The Price to Earnings or PE ratio is a widely used valuation ratio. You would quite often hear people saying for instance, that ABC stock is cheap because it is at 10 x PE or XYZ stock is expensive as it is quoting at 20 x PE. But can someone, by just looking at the PE ratio, determine whether a stock is cheap or expensive?
Let’s look at a real-life example. In March 2003, Stock A was quoting at ~7 x PE while Stock B was quoting at ~21 x PE. Today, Stock A is down 85% from its March 2003 price, while Stock B is up by more than 20 x (~21% CAGR).
Stock A in the example above is MTNL while Stock B is Nestle India. While, obviously, the stocks selected are with significant hindsight bias, the point is – a stock may not be cheap at 7 x PE and at the same time a stock may not be expensive at 20 x PE. There is a lot of information in a PE ratio that the market is trying to convey.

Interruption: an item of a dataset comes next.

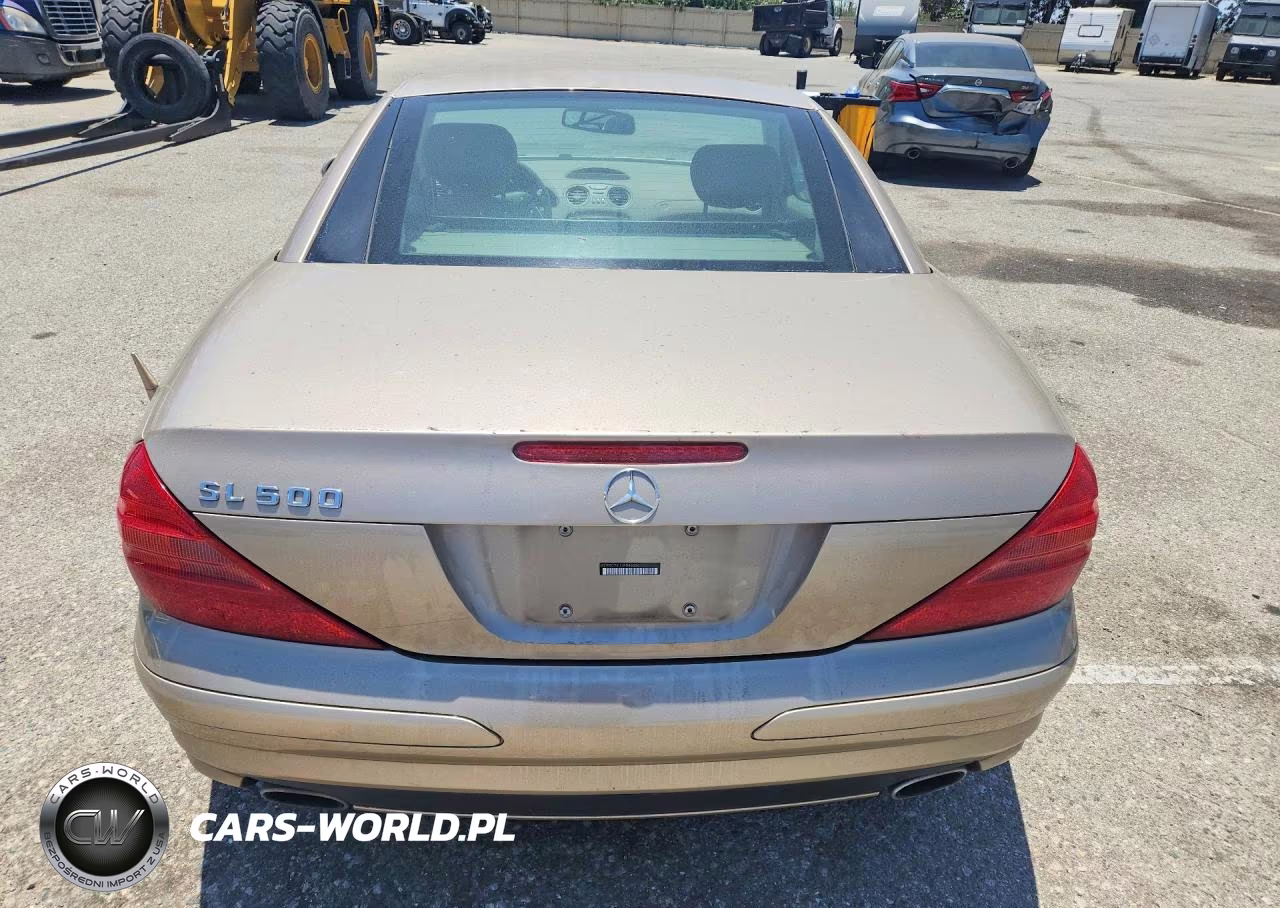 2003 Mercedes-Benz Sl 500R VIN:WDBSK75F13F046896 - 6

The value of a business is the discounted value of all the free cash flow that the business can generate in the future. Let’s say, when XYZ stock is quoting at 20 x PE vs. 10 x PE for the company ABC, essentially you would be paying more for the future of XYZ than of ABC. When the stock is quoting at a given PE valuation, the market is inherently making certain assumptions about the future of the business.
What Is the Market Thinking or Indicating Through the Pricing of the Stock?
For a stock quoting at a low PE ratio, the market is concerned about one of the following:
- Low growth industry, limited scalability: If the business has limited growth potential or the industry in which it operates does not offer enough scalability, the future might not hold significant value.
- No competitive advantage and at the mercy of the competition: If the company does not have a competitive advantage, the future visibility in terms of scalability and profitability of the business is clouded. As competition can severely impact future earning potential.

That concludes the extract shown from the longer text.